A question was reported as relating to a Canadian patent agent living in America. The relevant sections to review are:
MPEP 402 Power of Attorney – A power of attorney or authorization given to a registered Canadian patent agent, to be valid, must be given by the applicants, all of whom are located in Canada. See 37 CFR 10.6(c).
37 CFR 11.6 Registration of attorneys and agents –
(c) Foreigners. Any foreigner not a resident of the United States who shall file proof to the satisfaction of the Director that he or she is registered and in good standing before the patent office of the country in which he or she resides and practices and who is possessed of the qualifications stated in § 10.7, may be registered as a patent agent to practice before the Office for the limited purpose of presenting and prosecuting patent applications of applicants located in such country, provided: The patent office of such country allows substantially reciprocal privileges to those admitted to practice before the United States Patent and Trademark Office. Registration as a patent agent under this paragraph shall continue only during the period that the conditions specified in this paragraph obtain. . .
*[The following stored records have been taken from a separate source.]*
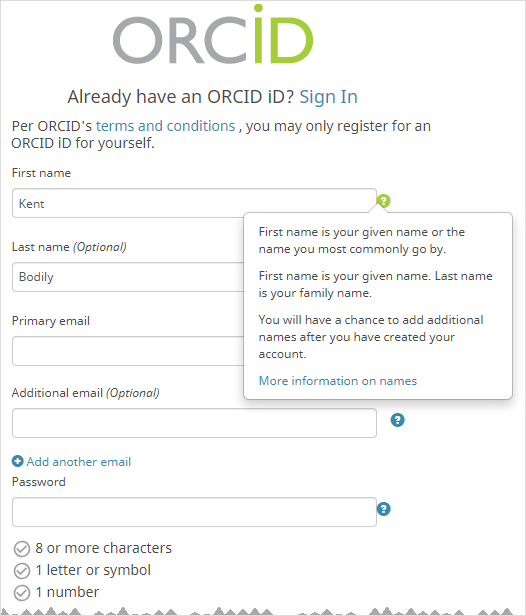 ORCID log in and registration page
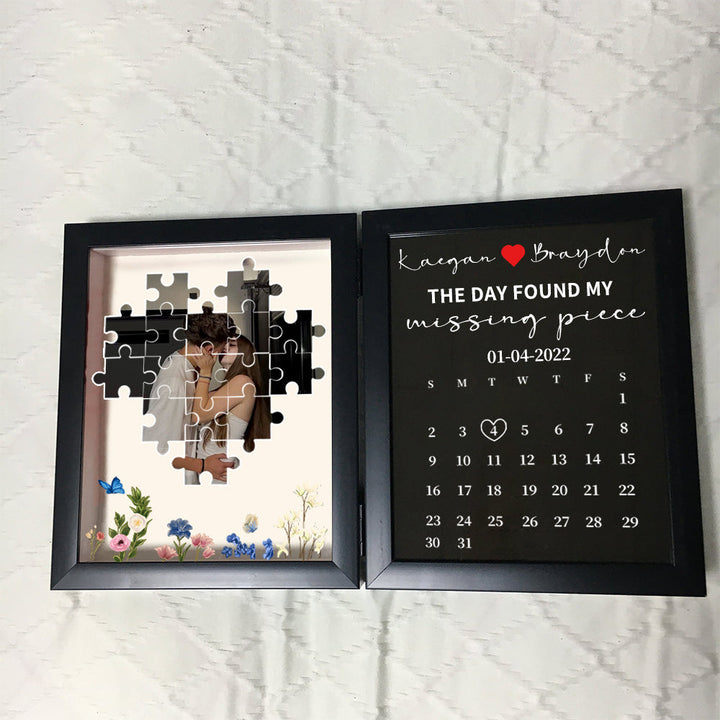 Cadre photo personnalisé « Le jour où j'ai trouvé ma pièce manquante » Puzzle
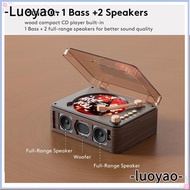 LUOYAO1 Music Player, Wired Bluetooth Transmitter Wood CD Player, Nostalgic Remote Control Bass Boos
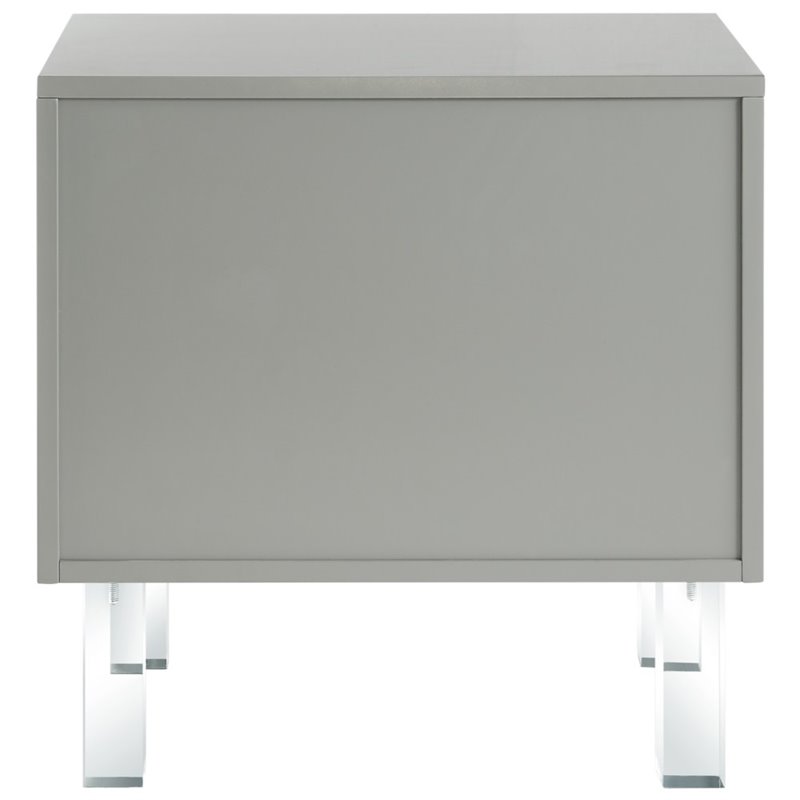 Posh Living Melanie 2-Drawer Nightstand with Lucite Legs in Gray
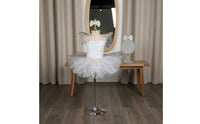 Girls Glitter Ballet Skirt Dress Sequins Ballet Skirt Dress Rainbow Tulle Princess Costume Ruffle Sleeves Glitter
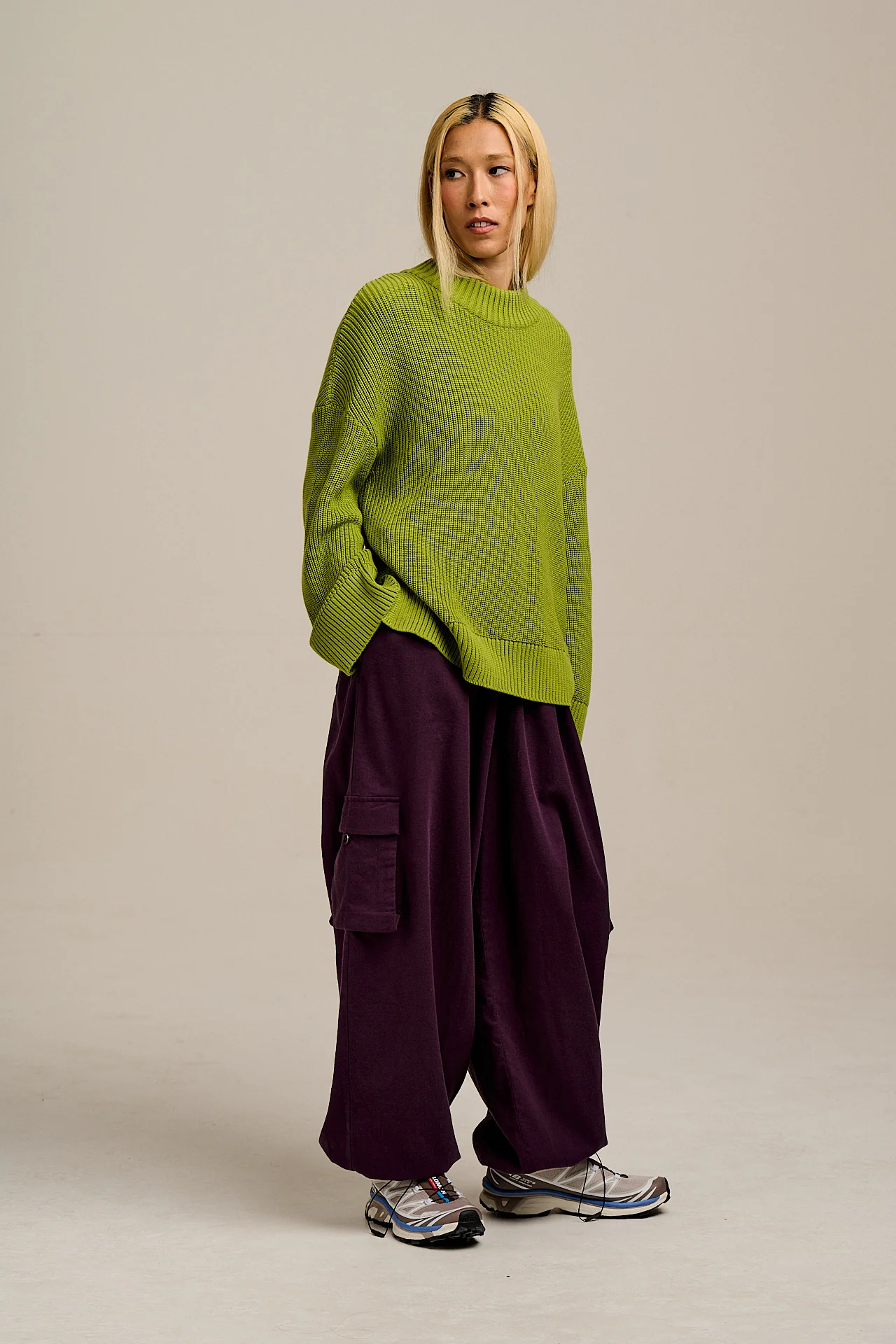 Rumi - Brushed Cotton Barrel Trousers in Plum Perfect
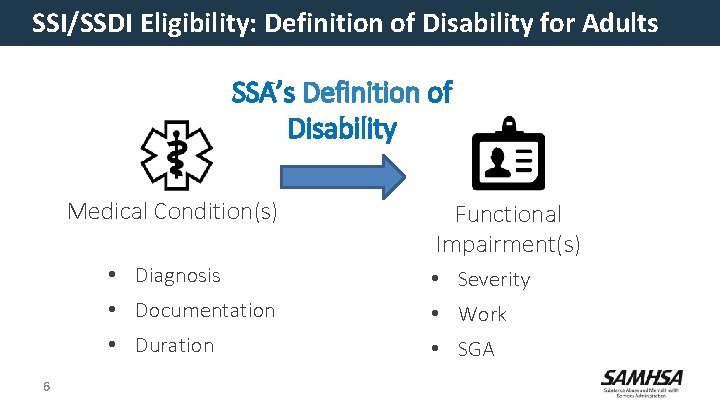 SSI/SSDI Eligibility: Definition of Disability for Adults SSA’s Definition of Disability Medical Condition(s) 6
. . .Upon ceasing to reside in such country, the patent agent registered under this section is no longer qualified to be registered under this section, and the OED Director shall promptly remove the name of the patent agent from the register and publish the fact of removal.
In addition, Jim Longacre’s Practice Question of the Day (175) provides:
An inventor who is a Canadian citizen residing in Canada has a long standing professional relationship with a Canadian patent agent. Under which of the following circumstances will the USPTO recognize a Power of Attorney to that Canadian agent?
(A) The Canadian agent is resident in the United States, but is not registered as a US attorney.
(B) The Canadian agent is a citizen of Canada living in the United States with a valid visa.
(C) The Canadian agent is related to the inventor.
(D) The Power of Attorney is accompanied by a showing of why the inventor requires representation by this particular agent.
(E) The Canadian agent is registered to practice before the European Patent Office.
The answer is (A) as per 37 CFR 10.6 and MPEP 402.
The reference above should state:
37 CFR 11.6
— and not 37 CFR 10.6 (which is reserve).
Angkor? As in Cambodia?
Regardign the above Jim Longacre’s question,
is the answer (A)? I think (B) is right because 37 CFR 11.6 (c) says
“Any foreigner not a resident of the United States~.”
What do you guys think?
I think A is incorrect.
B is the most correct answer though (ambiguous nonetheless) and would fall out under 11.6 b if he was a registered agent before the USPTO.
A cannot fall under 11.6 c since the agent does not reside in canada – he is a US citizen. B however can, since he is on a valid visa to the US, he is still a resident of canada and registered to practice in canada.
A – canadian agent resident in the US falls out 11.6 b – where in it is required that he be registered to practice before the PTO
B- on the other hand requires that the agent is on a valid visa (i.e. – not inconsistent with terms of his lawful residence in the US – note this is not a resident status) and can fall under 11.6c.
I meant to say A is a US resident – not citizen, sorry for the second post . This precludes him from being an alien resident with a visa.
There are several agents and patent lawyers that live in Europe, and are regiestered with USPTO that do not meet any of the specifications from these comments, like: resident of US, visa of US living in US. Moreover, the comment is stating:
“Any foreigner not a resident of the United States who shall file proof to the satisfaction of the Director that he or she is registered and in good standing before the patent office of the country in which he or she resides and practices and who is possessed of the qualifications stated in § 10.7, may be registered as a patent agent to practice before the Office for the limited purpose of presenting and prosecuting patent applications of applicants located in such country”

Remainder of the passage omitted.